And then so when the iPhone came out,
there was already this install base of people
who expected to be able to make phone calls
over the cellular network,
and then also text each other.
And then the internet browsing was like kind of a nice
to have extra feature.
I remember someone had a really fancy,
I think it was like a Nokia or something,
or it was some sort of other phone
that had a very primitive web browser on it,
about like two years.
years before. It was really expensive because you had to buy a data plan too, but I was like,
oh man, like the ability to access the internet everywhere. Like that's that that's such a killer
feature. And so I definitely could imagine a world where you know, you have to get these
products just so cheap that everyone's buying them wearing them. They're just baked into everything. And
then you can scale up to something that's more premium. Yeah. It just seems we're so far past
the Siri Alexa personal assistant shopping assistant rivalry.
But it makes sense for Amazon to try to get back in the game.

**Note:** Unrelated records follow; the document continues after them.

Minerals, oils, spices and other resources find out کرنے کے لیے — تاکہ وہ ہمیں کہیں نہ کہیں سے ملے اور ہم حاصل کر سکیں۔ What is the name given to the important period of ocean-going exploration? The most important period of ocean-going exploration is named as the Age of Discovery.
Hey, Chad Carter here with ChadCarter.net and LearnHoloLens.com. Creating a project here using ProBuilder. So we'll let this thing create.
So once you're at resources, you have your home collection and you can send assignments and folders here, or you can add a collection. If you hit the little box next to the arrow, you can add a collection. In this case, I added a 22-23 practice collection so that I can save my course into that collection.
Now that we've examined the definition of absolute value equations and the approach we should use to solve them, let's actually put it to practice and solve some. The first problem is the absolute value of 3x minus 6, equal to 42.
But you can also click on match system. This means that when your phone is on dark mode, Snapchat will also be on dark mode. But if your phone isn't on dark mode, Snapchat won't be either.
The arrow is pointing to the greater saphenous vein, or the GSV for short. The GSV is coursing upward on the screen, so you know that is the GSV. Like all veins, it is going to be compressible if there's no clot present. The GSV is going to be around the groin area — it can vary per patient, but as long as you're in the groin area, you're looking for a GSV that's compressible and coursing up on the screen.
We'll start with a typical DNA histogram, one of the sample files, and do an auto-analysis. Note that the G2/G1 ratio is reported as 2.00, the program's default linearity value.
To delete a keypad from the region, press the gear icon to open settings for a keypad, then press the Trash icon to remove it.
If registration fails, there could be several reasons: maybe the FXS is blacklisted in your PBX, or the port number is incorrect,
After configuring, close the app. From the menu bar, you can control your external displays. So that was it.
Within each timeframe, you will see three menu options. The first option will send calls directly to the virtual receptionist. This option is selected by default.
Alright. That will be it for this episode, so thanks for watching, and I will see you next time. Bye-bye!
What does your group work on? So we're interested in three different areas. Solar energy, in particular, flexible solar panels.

Yeah, I wonder, do you think OpenAI could kind of come out with an Alexa competitor that
would do well?
I mean, they arguably already have.
Which is.
It's just, I mean, Chad GPT.
Yeah.
I would say you use specifically you use chat GPT as like voice memo.
Yes.
Say like you kind of talk through what you're thinking and what you want to do.
and then it condenses it nicely.
It's not taking a bunch of actions yet,
like being like, hey, I want to make,
I can see in the future where you're like,
hey, I want to make, I want to cook my wife a nice dinner
in this theme.
Can you put together an ingredient list and order all the ingredients
and have it home by 5 p.m.?
That's very, very gentic.
I just imagine, I talked to somebody who said that they often leave
or their wife leaves.
chat UPT open in the in the conversational mode when they're just hanging out and then you can just like
it won't chime in unless you actually ask it a question and it will kind of know that okay now you're
talking to me yeah but it doesn't have a specific wake word uh so it's just like a third party in the
conversation felt very sci-fi very very futuristic i don't know um anyway uh so now amazon is interested
in a wearable device that's always listening always listening no wake
word needed. So Amazon has reminded us for years that its voice-activated speakers only
start listening when they hear the wake word, even if you didn't necessarily utter it.

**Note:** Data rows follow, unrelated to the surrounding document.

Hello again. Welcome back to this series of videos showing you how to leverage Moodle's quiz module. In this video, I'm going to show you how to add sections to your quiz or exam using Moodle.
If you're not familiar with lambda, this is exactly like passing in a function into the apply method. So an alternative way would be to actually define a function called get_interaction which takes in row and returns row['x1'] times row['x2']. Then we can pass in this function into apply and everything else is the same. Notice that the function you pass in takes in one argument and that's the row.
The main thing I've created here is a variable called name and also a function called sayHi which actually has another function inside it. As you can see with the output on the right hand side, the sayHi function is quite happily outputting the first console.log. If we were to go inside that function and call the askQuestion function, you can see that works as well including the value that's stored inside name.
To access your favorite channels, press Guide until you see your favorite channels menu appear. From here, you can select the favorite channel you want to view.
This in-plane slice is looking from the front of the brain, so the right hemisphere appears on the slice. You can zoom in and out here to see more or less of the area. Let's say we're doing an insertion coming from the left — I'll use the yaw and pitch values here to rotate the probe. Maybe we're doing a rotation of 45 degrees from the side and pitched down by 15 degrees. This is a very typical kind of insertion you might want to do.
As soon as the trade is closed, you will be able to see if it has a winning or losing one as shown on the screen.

But they would, if you've had an Alexa in your home ever, it certainly will wake up
when it'll hear something incorrectly and pop on all the time.
Yeah. And so very interesting to see what they're thinking about here. B is one of a growing
pack of AI gadgets out there. Google has pixel earbuds that put Gemini, Gemini, A,
AI in your ear, meta raybans, of course.
We talked about, Samsung recently showed up, showed off Gemini-infused galaxy devices.

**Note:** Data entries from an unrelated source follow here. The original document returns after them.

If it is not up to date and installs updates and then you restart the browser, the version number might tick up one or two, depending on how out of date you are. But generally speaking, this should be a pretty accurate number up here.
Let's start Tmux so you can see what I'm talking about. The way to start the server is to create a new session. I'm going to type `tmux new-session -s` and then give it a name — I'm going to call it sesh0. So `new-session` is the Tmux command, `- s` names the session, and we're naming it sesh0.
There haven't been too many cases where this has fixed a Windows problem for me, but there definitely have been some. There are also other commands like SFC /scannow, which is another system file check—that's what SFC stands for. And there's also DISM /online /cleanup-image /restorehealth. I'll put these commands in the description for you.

Apple has been slower on the uptake.
But remember we were hearing that reporting from Mark German that Amazon or Apple was working
on like a robotic arm or something like that?
Something that would sit on your table or something?
I don't know.
They had some sort of like robotics device like in the far roadmap.
Apple's always, I mean, I do believe that Apple works on a tremendous,
What you see even leaks from Apple is still like 5%.
Oh, yeah.
They're constantly like patenting stuff.
Under the surface.
Meta had an announcement today for a wearable device.
So I'll read their posts.
They said, imagine controlling your devices
with a subtle hand or finger gesture.
Our cutting edge research turns intent and muscle signals
into seamless computer control.
This breakthrough risk technology is redefining
how we interact with computers, intuitive, precise,
and ready for the future.
And they, I believe they released an entire study around this as well.
We actually got a chance to take a demo of this.
It was very cool earlier this year.
I'm not sure how much we can actually say on it for now.
But, but yeah, so they did an entire study as well around a generic, non-invasive neuromotor interface for human computer interaction.
So it's basically, yeah, the team has it pulled up here.
You can see like you can click by going like this.
You can scroll in different ways.
And when we used it, it was extremely, it was extremely intuitive.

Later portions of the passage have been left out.